[DATA UNDER STUDY — start]

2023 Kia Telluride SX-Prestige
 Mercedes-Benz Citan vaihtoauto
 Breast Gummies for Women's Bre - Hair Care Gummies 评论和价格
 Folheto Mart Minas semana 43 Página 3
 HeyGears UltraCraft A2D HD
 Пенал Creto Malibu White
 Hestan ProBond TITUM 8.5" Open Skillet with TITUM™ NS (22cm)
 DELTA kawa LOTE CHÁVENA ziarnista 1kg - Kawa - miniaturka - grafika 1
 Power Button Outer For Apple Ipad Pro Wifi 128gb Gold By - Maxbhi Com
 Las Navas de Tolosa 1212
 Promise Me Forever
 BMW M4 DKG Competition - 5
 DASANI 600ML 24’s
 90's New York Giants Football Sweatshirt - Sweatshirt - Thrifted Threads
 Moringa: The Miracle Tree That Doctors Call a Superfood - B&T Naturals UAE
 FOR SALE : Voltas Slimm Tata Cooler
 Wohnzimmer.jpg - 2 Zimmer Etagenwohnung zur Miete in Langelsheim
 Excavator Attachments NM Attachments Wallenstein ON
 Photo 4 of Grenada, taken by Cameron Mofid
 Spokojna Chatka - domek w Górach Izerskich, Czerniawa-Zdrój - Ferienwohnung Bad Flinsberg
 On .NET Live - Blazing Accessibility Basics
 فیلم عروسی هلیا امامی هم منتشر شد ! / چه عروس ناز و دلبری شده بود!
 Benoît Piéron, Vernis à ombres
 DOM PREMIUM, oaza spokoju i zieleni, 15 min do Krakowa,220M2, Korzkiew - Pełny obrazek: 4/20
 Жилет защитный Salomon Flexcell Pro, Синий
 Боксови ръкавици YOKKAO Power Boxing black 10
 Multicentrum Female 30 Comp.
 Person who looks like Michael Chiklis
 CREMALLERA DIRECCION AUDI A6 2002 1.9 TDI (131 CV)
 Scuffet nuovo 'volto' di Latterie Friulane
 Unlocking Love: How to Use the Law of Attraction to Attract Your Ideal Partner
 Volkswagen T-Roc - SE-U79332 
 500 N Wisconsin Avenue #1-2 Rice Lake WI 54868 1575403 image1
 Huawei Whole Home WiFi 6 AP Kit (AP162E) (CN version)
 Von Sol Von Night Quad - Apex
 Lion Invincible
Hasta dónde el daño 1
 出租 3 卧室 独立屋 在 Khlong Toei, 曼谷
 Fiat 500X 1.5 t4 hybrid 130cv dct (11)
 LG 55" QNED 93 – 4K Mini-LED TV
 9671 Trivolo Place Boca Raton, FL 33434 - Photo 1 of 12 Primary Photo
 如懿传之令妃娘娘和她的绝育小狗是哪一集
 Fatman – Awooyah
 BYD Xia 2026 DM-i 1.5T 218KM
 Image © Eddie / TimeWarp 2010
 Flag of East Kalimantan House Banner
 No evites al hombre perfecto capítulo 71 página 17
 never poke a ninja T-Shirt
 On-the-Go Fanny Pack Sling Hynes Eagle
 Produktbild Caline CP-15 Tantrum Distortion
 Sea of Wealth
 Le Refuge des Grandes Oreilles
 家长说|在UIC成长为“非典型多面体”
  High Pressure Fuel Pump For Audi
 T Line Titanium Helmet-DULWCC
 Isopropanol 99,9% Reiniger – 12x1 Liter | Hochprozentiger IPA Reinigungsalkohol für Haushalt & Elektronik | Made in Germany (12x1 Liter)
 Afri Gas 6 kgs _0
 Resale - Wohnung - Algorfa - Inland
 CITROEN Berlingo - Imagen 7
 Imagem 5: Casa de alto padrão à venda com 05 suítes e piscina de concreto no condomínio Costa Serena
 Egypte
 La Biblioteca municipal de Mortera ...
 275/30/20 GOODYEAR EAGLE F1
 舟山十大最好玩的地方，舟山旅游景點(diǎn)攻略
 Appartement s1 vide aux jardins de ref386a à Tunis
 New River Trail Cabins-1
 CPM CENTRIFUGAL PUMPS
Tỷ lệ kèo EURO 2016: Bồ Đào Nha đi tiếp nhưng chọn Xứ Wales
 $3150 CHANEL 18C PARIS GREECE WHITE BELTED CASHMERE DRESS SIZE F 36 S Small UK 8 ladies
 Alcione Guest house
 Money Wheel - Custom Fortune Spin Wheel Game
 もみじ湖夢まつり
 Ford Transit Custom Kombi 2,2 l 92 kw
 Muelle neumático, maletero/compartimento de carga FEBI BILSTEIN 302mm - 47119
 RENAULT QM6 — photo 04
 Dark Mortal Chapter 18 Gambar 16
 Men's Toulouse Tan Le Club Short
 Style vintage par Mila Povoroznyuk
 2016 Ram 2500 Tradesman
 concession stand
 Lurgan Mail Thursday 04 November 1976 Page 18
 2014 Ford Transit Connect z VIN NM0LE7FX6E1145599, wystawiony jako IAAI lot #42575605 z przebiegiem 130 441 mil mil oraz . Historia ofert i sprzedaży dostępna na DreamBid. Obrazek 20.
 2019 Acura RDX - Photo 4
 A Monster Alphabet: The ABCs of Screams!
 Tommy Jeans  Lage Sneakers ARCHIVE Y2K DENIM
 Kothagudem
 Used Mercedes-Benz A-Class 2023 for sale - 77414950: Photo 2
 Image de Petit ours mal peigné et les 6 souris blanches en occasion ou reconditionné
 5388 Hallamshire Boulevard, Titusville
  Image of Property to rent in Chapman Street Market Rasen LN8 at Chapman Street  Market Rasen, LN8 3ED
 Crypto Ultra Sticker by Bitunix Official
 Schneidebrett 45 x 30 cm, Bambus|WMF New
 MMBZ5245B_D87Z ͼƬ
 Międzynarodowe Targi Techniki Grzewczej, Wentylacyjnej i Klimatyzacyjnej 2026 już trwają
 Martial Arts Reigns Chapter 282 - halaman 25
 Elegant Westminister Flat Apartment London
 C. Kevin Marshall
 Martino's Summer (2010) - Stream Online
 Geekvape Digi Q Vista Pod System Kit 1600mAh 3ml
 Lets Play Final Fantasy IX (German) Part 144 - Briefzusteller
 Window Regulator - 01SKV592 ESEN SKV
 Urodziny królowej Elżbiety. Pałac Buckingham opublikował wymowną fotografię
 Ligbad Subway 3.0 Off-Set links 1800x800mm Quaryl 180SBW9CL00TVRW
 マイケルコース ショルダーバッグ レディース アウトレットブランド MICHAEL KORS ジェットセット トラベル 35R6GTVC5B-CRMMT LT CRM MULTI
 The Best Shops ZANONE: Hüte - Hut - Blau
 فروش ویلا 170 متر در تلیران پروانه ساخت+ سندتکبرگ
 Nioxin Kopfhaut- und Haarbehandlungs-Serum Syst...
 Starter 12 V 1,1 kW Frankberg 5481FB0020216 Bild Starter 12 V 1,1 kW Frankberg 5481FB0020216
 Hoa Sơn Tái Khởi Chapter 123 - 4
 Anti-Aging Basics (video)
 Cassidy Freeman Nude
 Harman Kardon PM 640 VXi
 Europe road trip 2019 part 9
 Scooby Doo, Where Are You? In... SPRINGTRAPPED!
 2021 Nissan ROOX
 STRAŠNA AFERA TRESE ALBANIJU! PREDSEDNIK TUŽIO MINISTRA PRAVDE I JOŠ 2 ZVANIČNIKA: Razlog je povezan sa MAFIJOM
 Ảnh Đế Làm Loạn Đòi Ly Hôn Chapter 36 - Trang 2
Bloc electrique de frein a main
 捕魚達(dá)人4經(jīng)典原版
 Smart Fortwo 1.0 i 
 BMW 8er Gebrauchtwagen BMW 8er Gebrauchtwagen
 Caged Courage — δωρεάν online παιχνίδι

[DATA UNDER STUDY — finish]

■ WHAT YOU ARE ASKED TO DO: Filter the entries down to the lines holding the string "Transit". Copy each of those lines.

■ RESPONSE BOX:
 Ford Transit Custom Kombi 2,2 l 92 kw
 2014 Ford Transit Connect z VIN NM0LE7FX6E1145599, wystawiony jako IAAI lot #42575605 z przebiegiem 130 441 mil mil oraz . Historia ofert i sprzedaży dostępna na DreamBid. Obrazek 20.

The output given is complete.